# WORK REQUIRED
Pictures excluded, set down exactly the lines from the one containing "Foto del edificio" through the final line of the material, and only those.

*** Opening of RAW DATA ***

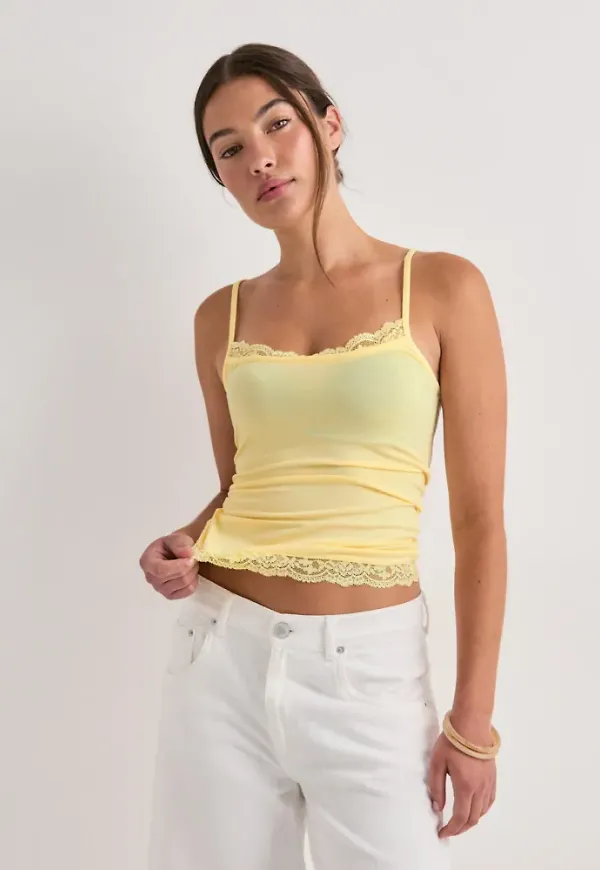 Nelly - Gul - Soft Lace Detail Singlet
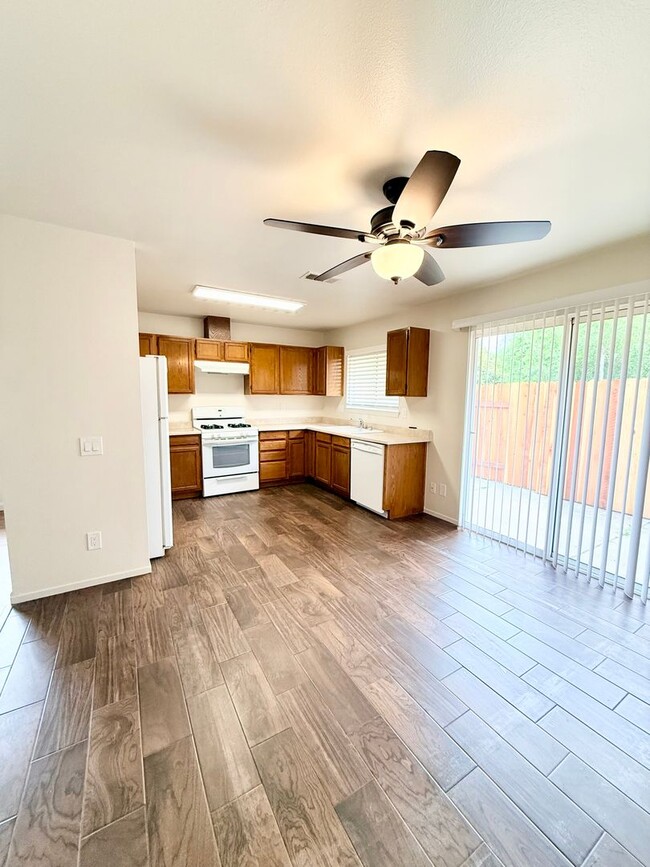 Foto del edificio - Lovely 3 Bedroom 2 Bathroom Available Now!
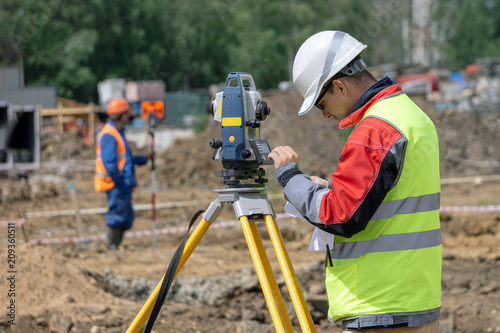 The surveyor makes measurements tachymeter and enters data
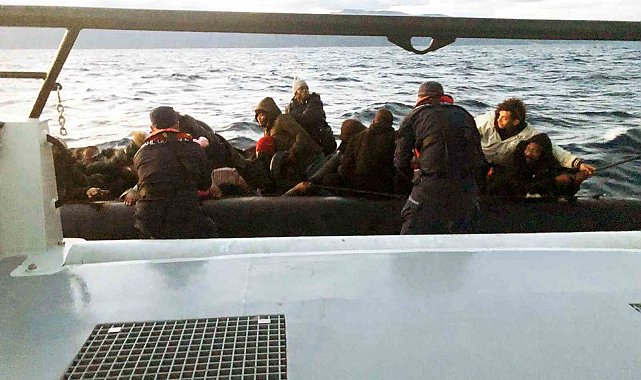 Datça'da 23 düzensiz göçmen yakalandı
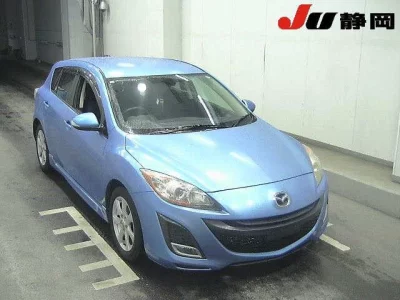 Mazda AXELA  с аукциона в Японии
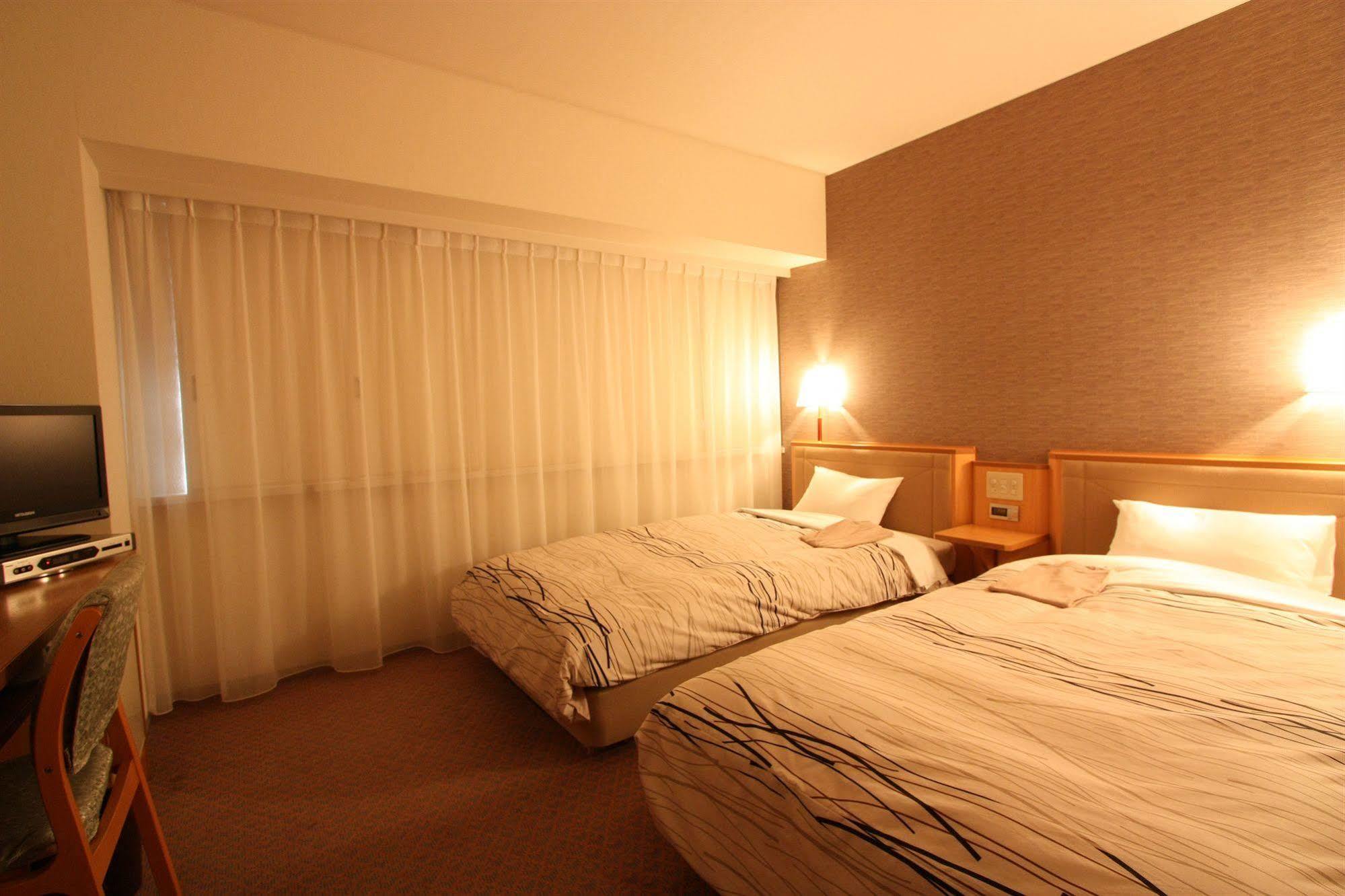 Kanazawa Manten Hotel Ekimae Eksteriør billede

*** Close of RAW DATA ***

# RESULT
 Foto del edificio - Lovely 3 Bedroom 2 Bathroom Available Now!
 The surveyor makes measurements tachymeter and enters data
 Datça'da 23 düzensiz göçmen yakalandı
 Mazda AXELA  с аукциона в Японии
 Kanazawa Manten Hotel Ekimae Eksteriør billede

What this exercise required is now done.